2017年の現在、オープンソース(OSS)がもてはやされている。以前は、OSSと聞いてもLAMP(Linux/Apache/MySQL/Perl、PHP、Python)などを連想するだけだったが、現在は主にクラウド領域でOpenStackやDockerなどが大きな盛り上がりを見せている。
OSSがもてはやされるようになった最大の理由は、現在のビジネス環境がOSSを求めているからだ。現在のビジネスは、ITシステムにスケール(拡張性)、多様性、スピードの三つを求める。しかし、従来型のIT環境では、これらニーズに応えられない。新規ビジネスを2年かけてサービスインしていたら動きの速い企業に先を越されてしまう。
これに対して、OSSは新規ビジネスに適した特徴がある(図1)。スケールに対しては、OSSには膨大なコミュニティーがあり、たくさんのソースコードやプロジェクトが存在している。多様性については、個々のOSSは小さなツールであるため、これらを組み合わせて目的を達成できる。スピードについては、コンポーネントとして再利用しやすいところが向いている。
ガートナーでは、デジタル・ビジネスを支える技術のトレンドとして、SDE(ソフトウエア定義型の環境)や統合システム、高度なアナリティクスなどを挙げている。こうした新興領域は既にOSS無しでは語れなくなっており、実際にOSSが牽引している。ビジネス上のニーズがあることから、OSSの良さに誰もが気付き始めた。

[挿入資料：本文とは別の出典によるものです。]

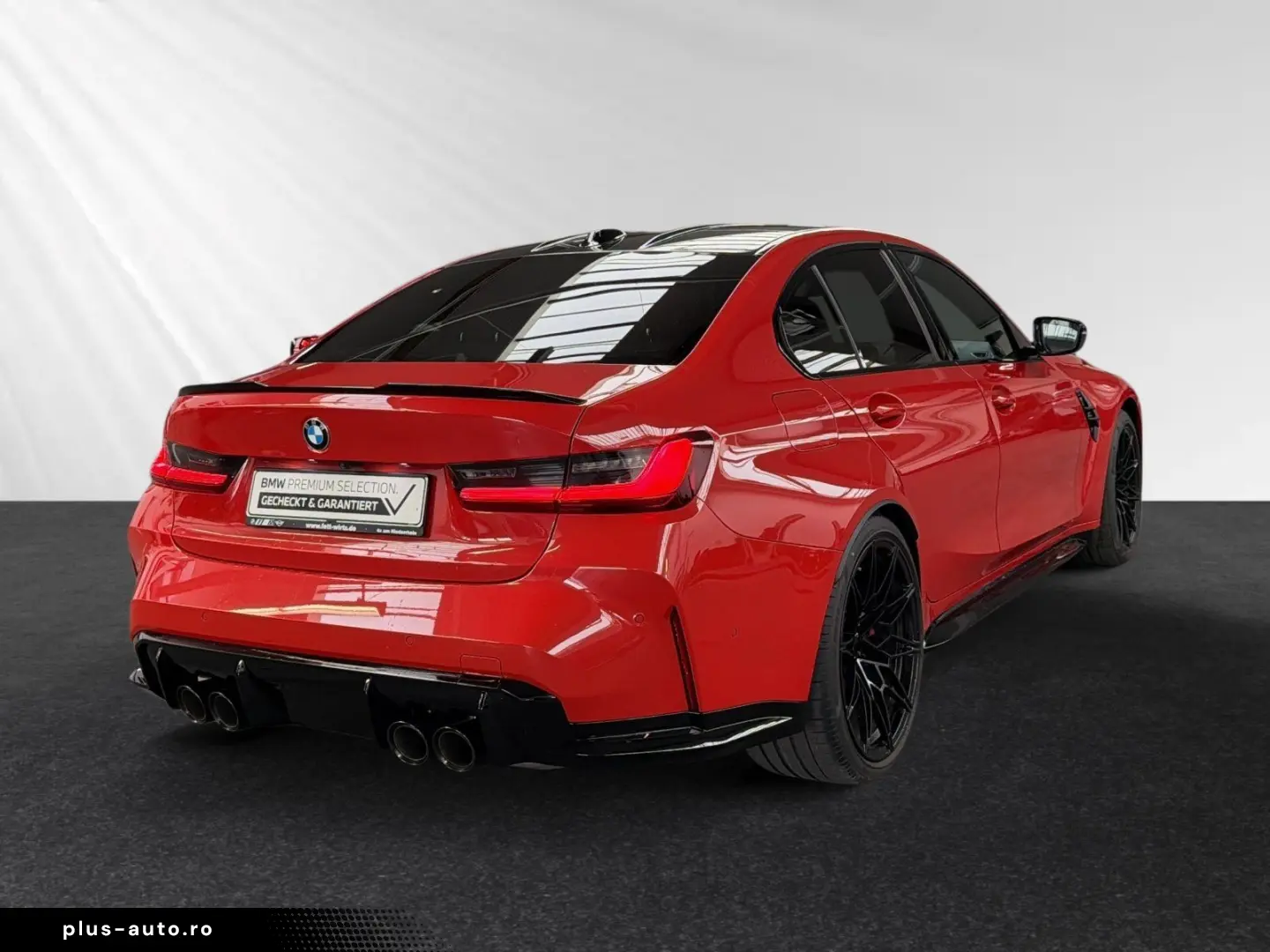 BMW M3 Competition M xDrive Head-Up Harman Kardon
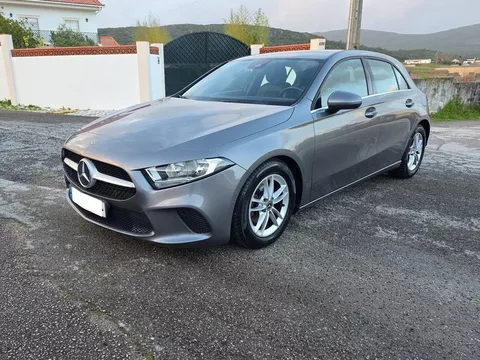 Mercedes-Benz A 180 d Style Plus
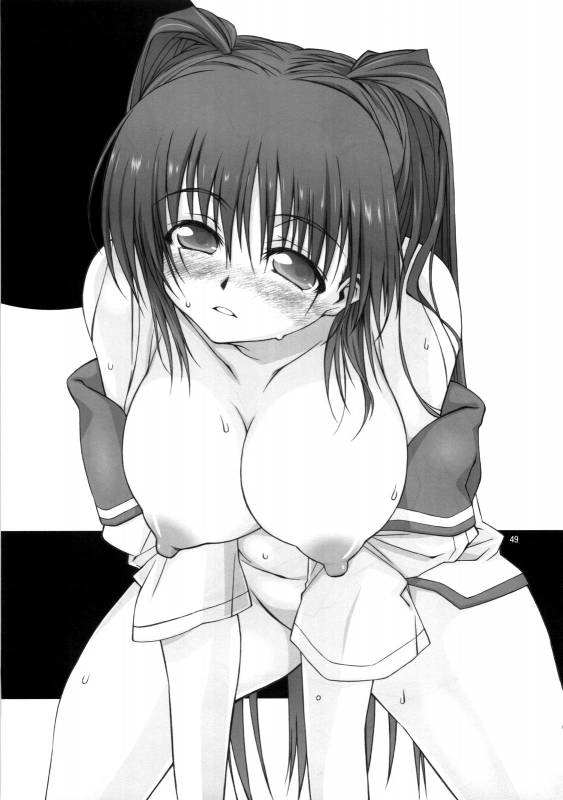 (SC40) [AXZ (Tamaki Yayoi, Yamaguchi)] Angel's Stroke 15 Tama Shibori (ToHeart2) [English] [desudesu]_50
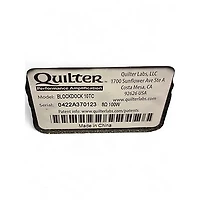 Used Quilter Labs BlockDock 10TC Guitar Cabinet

日本のモノ作りは、高品質で高信頼であることを重視してきた。しかし、グローバル競争の世界は、スケールとスピードが要となって、次々に新しいサービスが生み出されている。Amazonなどの先進企業が、既存のビジネスの枠組みを次々と破壊している。OSSはこうした変化に適するのだ。
IBMやOracle、Microsoftといった大手主要ITベンダーも特に新興領域でOSSへの注力を強めている。OSSを敵とは見なしておらず、OSSありきでビジネスが動いている。例えば、以前はLinuxと敵対しているイメージが強かったMicrosoftは、クラウドサービスのAzure上でLinuxを使ってもらおうと「Microsoft Loves Linux」というメッセージを打ち出したほどだ。